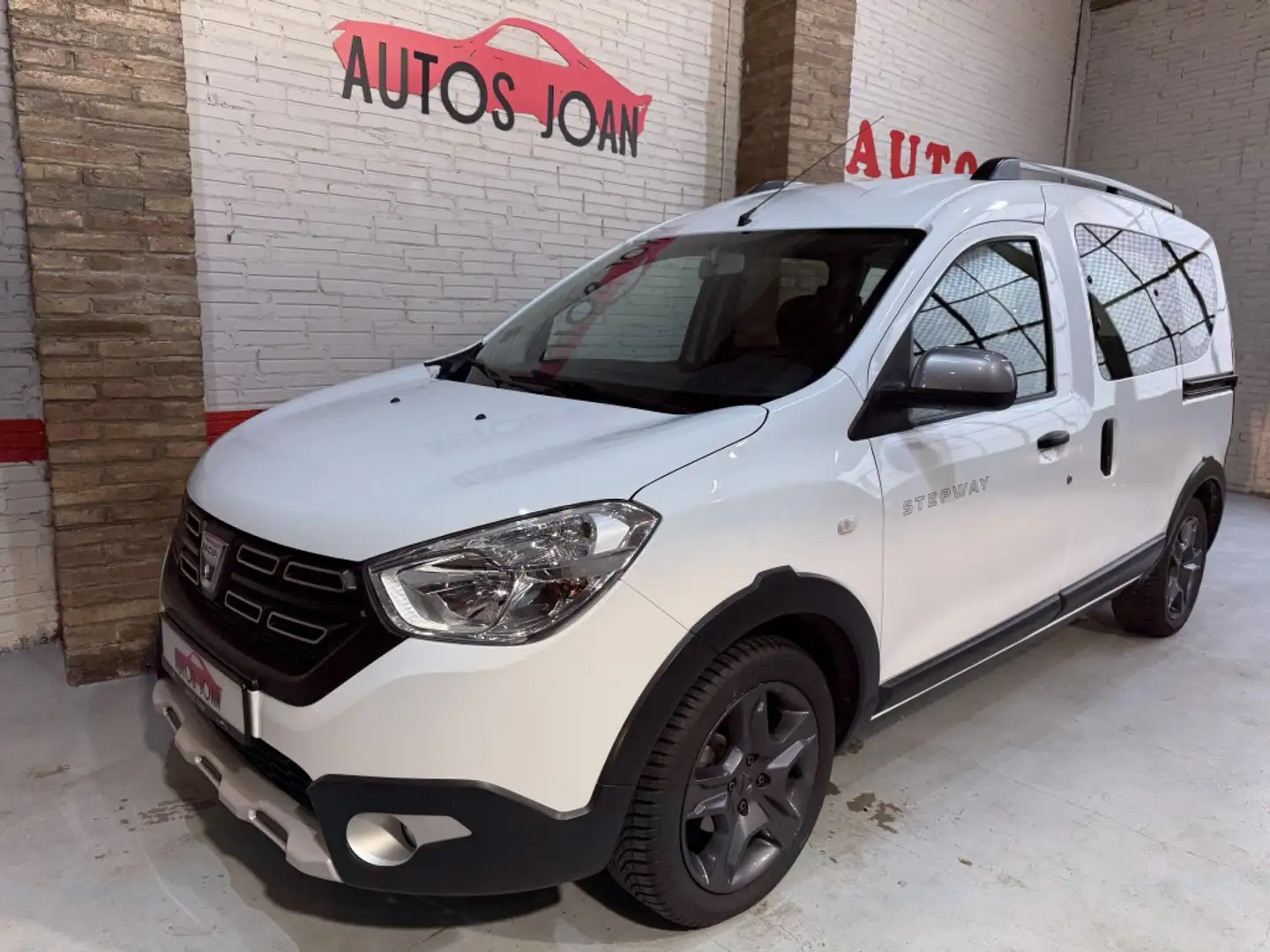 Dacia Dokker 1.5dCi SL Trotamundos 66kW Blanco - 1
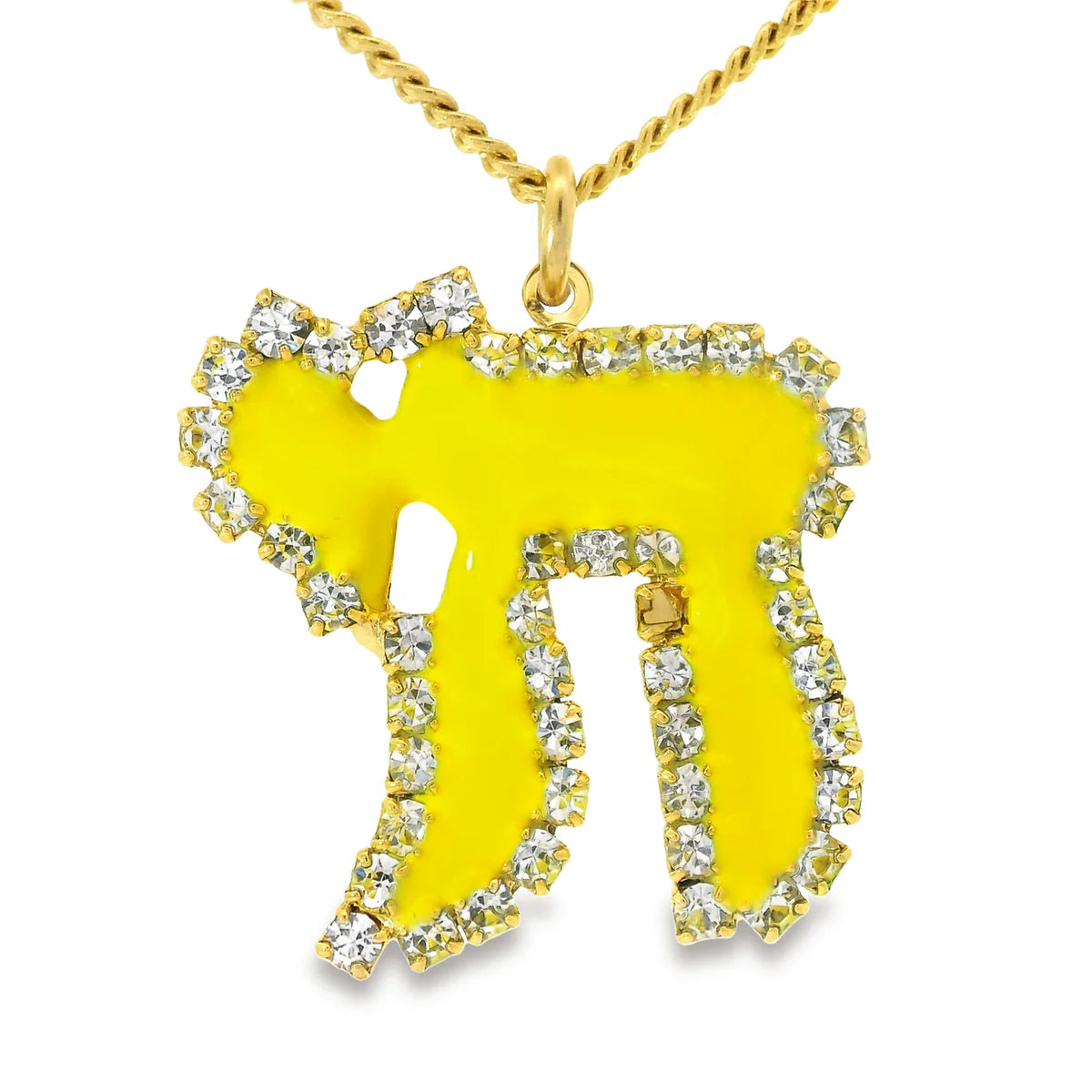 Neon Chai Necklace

-- -- --

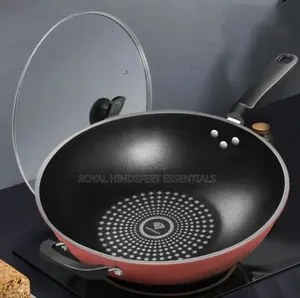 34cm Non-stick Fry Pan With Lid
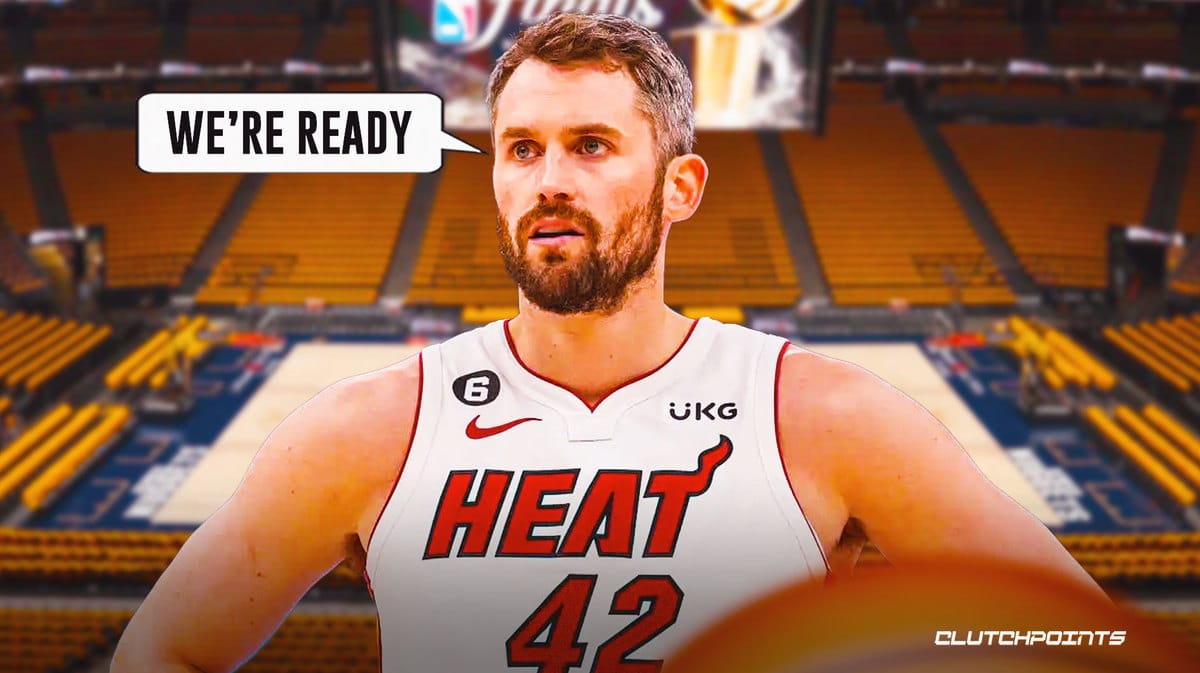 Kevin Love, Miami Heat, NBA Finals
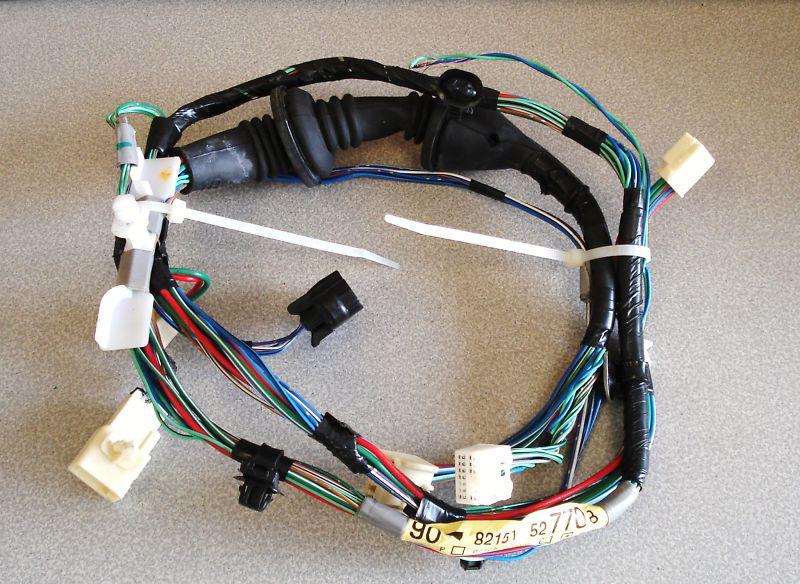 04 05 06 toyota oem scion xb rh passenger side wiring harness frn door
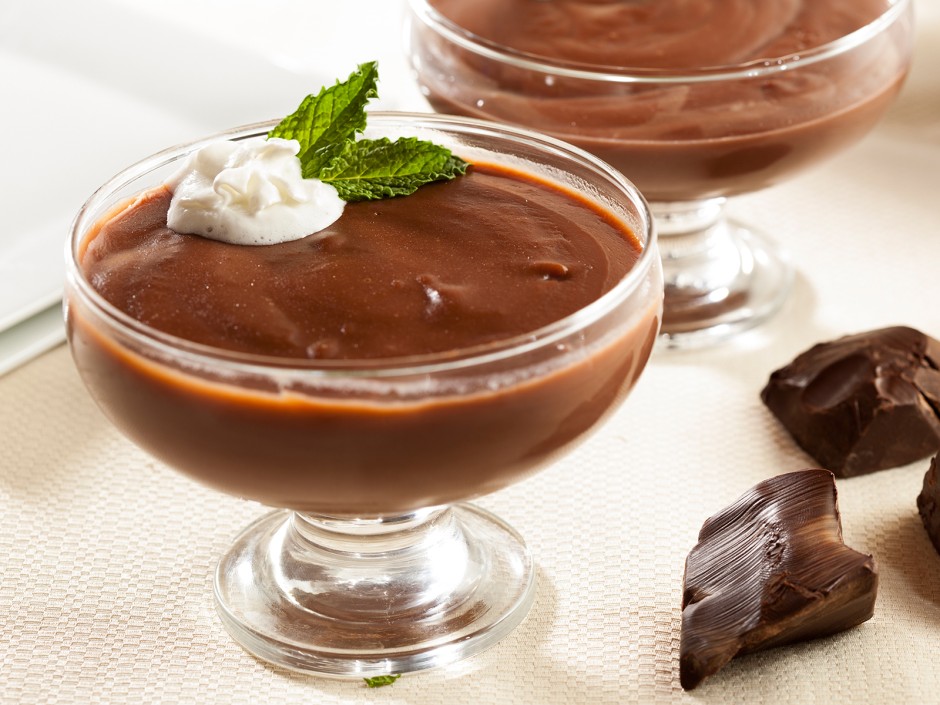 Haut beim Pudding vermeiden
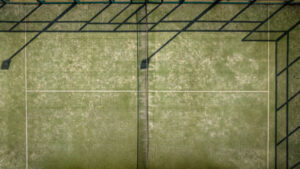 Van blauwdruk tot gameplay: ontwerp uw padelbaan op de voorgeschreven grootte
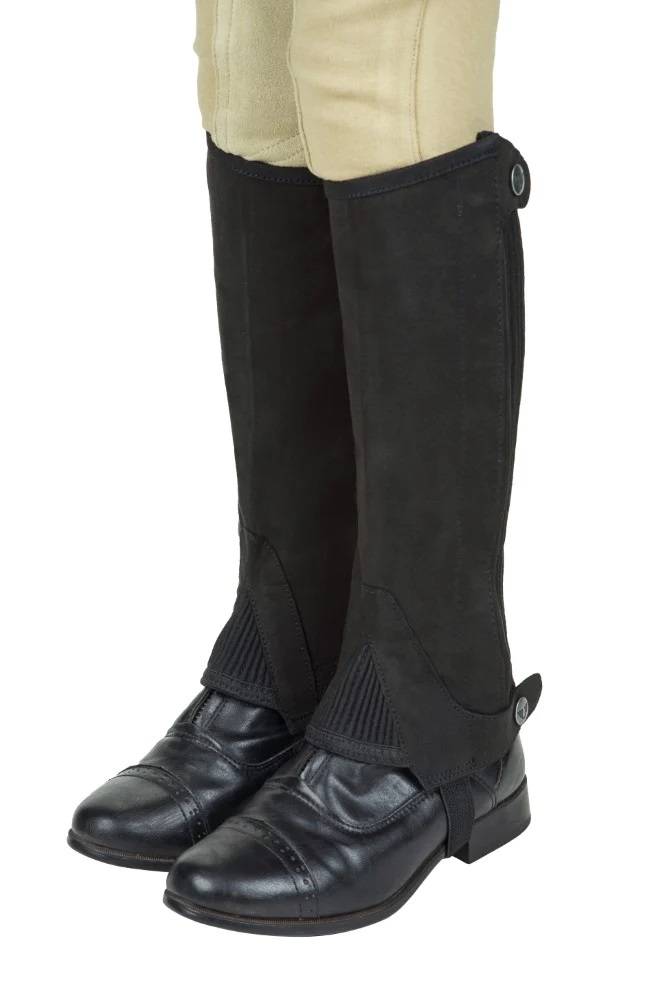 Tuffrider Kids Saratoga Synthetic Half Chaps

-- -- --

• [What is needed]: An exact copy is needed of the stretch above that opens with the line containing "Van blauwdruk tot" and closes with the line containing "Tuffrider Kids Saratoga Synthetic Half Chaps"; the pictures are not part of it.

• [Task result]:
 Van blauwdruk tot gameplay: ontwerp uw padelbaan op de voorgeschreven grootte
 Tuffrider Kids Saratoga Synthetic Half Chaps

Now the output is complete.